If there’s a high risk pool in your state, you might qualify for one of those policies. However, since you already have coverage you wouldn’t be eligible in most states, but you might qualify in states that allow you to apply if your premiums are higher than they would be in the high risk pool. But, because of the HIPAA provision that guarantees renewal in the individual market as long as you pay your premiums, your best bet would be to stay with your current policy if you want to remain covered.
How did you end up in this situation – trapped in a policy with spiraling premiums and no viable alternatives? You, my friend, are covered by a policy that’s in a death spiral – one of the most pernicious realities of the pre-Affordable Care Act (ACA) health insurance world. You see, when you purchased your policy you had no preexisting conditions and – given the fact that insurers won’t cover people with pre-existing conditions – it’s likely that the other people covered by your policy had similar health statuses whey they bought their policies.
Then, time passed and, like you, some of your fellow policyholders became sick or injured. As that happened, the policy’s claims costs grew and premiums, which are partially based on year-to-year claims experience, gradually increased. Those policyholders who remained healthy and could purchase less expensive coverage elsewhere have moved on, while those, like you, whom no other insurer wants to cover, are stuck. And, your insurer stopped selling your policy when premiums got too high to be marketable, which has caused the upward spiral of premiums to accelerate.
Now, let’s fast forward to December of 2013. You’re still stuck in the same policy, but you’re about to be unstuck. What’s the difference? You now have alternatives. The 2014 ACA-compliant policies are available and insurers can neither reject you nor base your premium rate on your health status. You can enroll in (for example) a Gold level HMO with a $700 deductible for $592.95 a month — or a Bronze level PPO with a $5,000 deductible for $378.63 a month, or any number of additional choices.
This scenario is not hypothetical. Aside from the frequent and horribly frustrating incidences where, as an insurance regulator, I had to tell people there were simply no affordable options for them, the most heart-wrenching stories I heard before the ACA were about people in death spiral policies.
The term “death spiral” in relation to individuals should not be confused with the use of the term in relation to the initial open enrollment period for the federal and state marketplaces. That interpretation – used mostly by those betting (or hoping) that the ACA reforms would fail – refer to the pessimistic projection that there won’t be enough young and healthy people buying policies to make the risk pools viable and premiums would spiral out of affordability. Like so many other “chicken little” ACA predictions, the projections turned out to be false for a number of reasons.

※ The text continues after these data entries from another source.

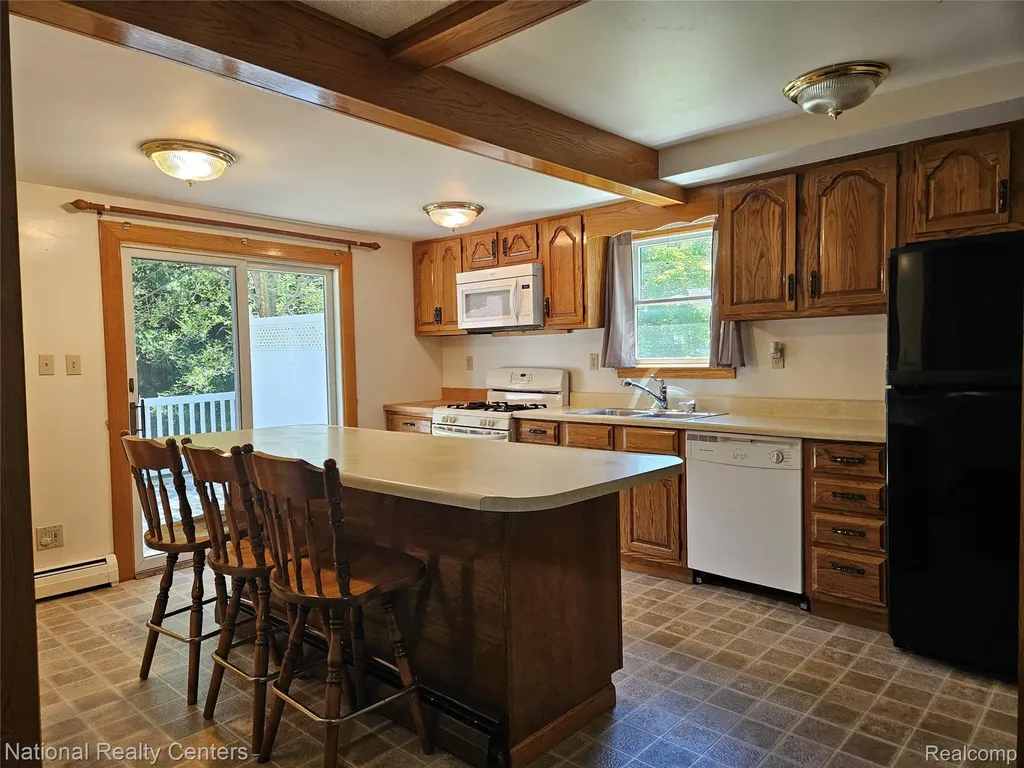 6053 3rd Street Mayville Village MI 48744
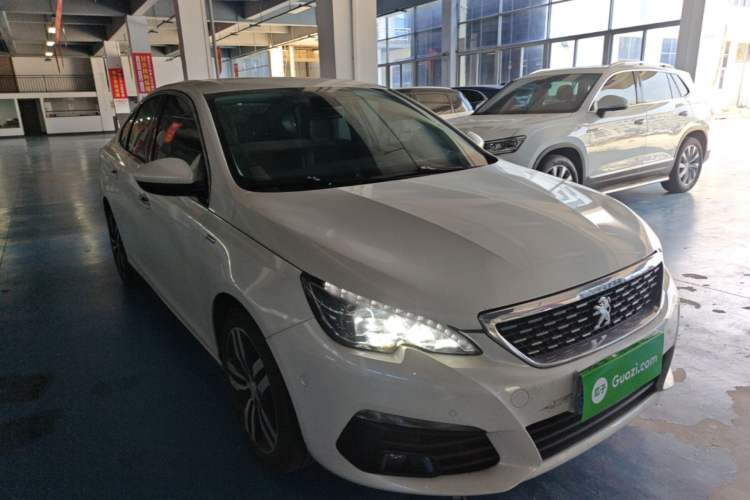 Used Peugeot 308 2016 350THP Automatic Prestige Edition Front Right 45 Deg
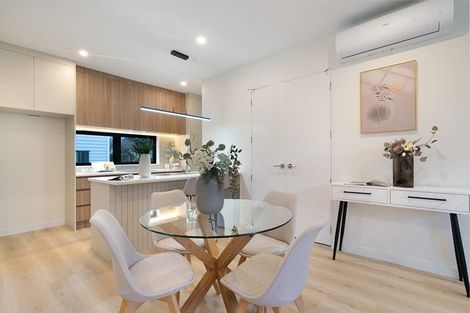 Photo of property in 28a Moire Road, Massey, Auckland, 0614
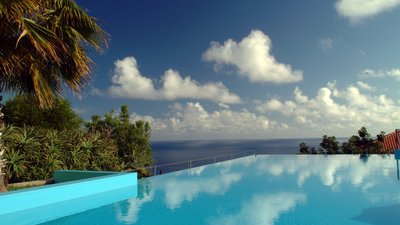 Vom Pool des Hotels Estalagem können Sie den weiten Blick in die Ferne genießen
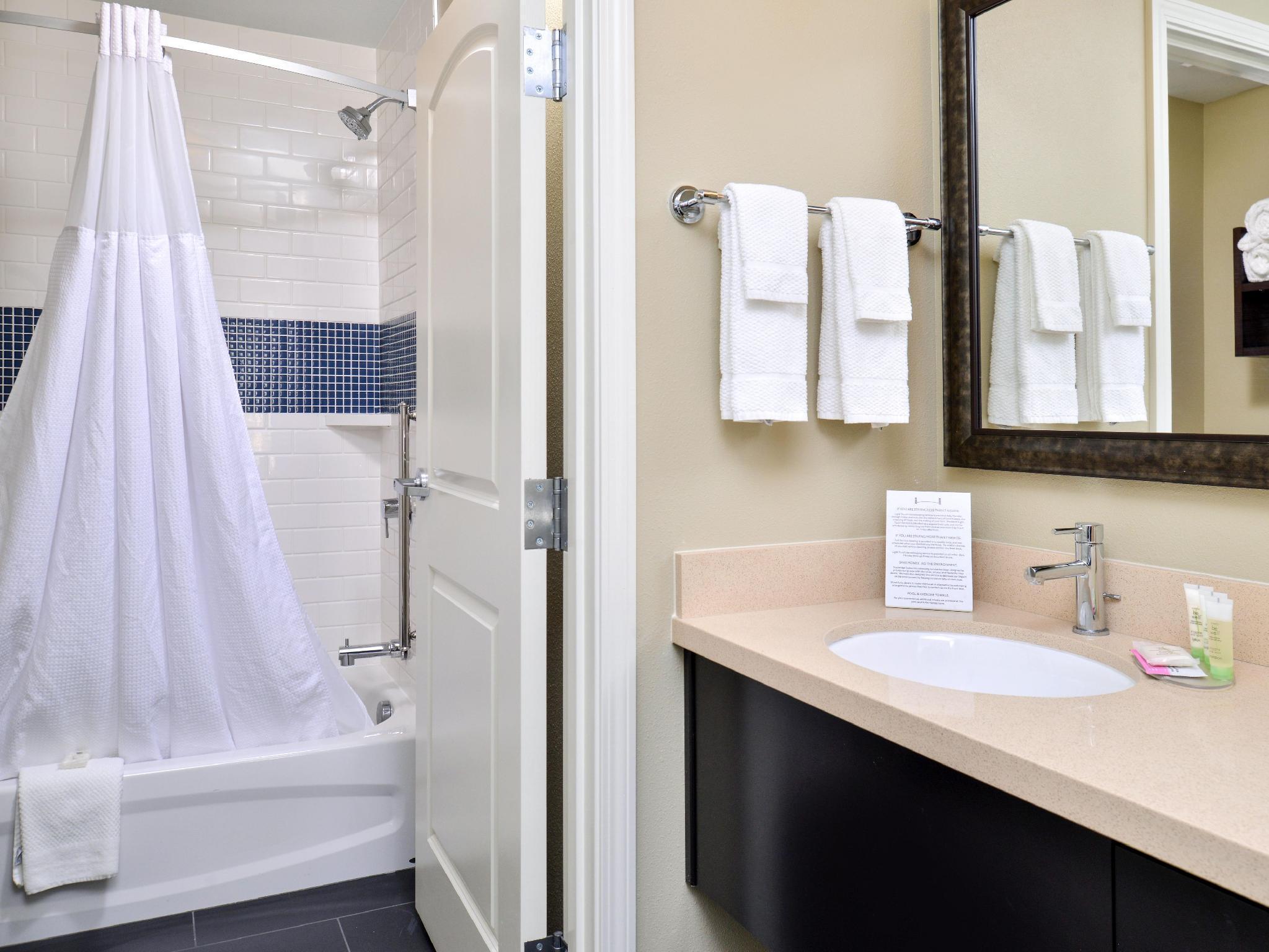 Staybridge Suites Rochester By Ihg Екстер'єр фото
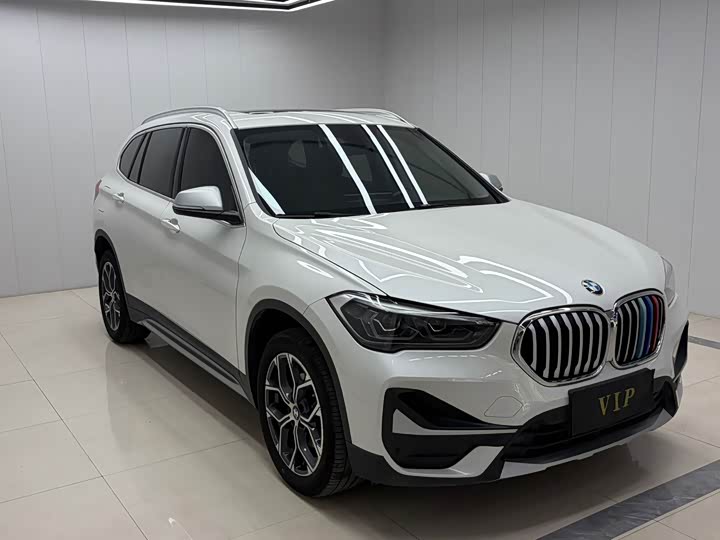 BMW X1 sDrive20Li премиум — фото 3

The primary reason is that the risk pools no longer include only the people who bought one type of individual policy. Instead, the ACA requires insurers to pool all of their individual policies in each state into one risk pool. That includes policies sold within and outside the marketplaces (with the exception of grandfathered policies and whatever non-ACA-compliant policies were allowed to be renewed in the state). And, now that open enrollment is over, the consensus seems to be that a sufficient number of young people purchased policies to keep the state risk pools healthy.
So, as long as policies are being sold, it is highly unlikely that anything even approaching the notion of a “death spiral” will occur in the new, statewide risk pools. And, if a grandfathered or non-ACA-compliant policy went into a death spiral – or if an insurer stops marketing in a state — no one is stuck because individuals are free to shop on and off the marketplaces for a better deal. This is huge — a truth that may only be obvious and celebrated by those who were previously stuck in death spiral policies – or those, like me, who shared in the frustration because they were not able to help those individuals secure affordable coverage.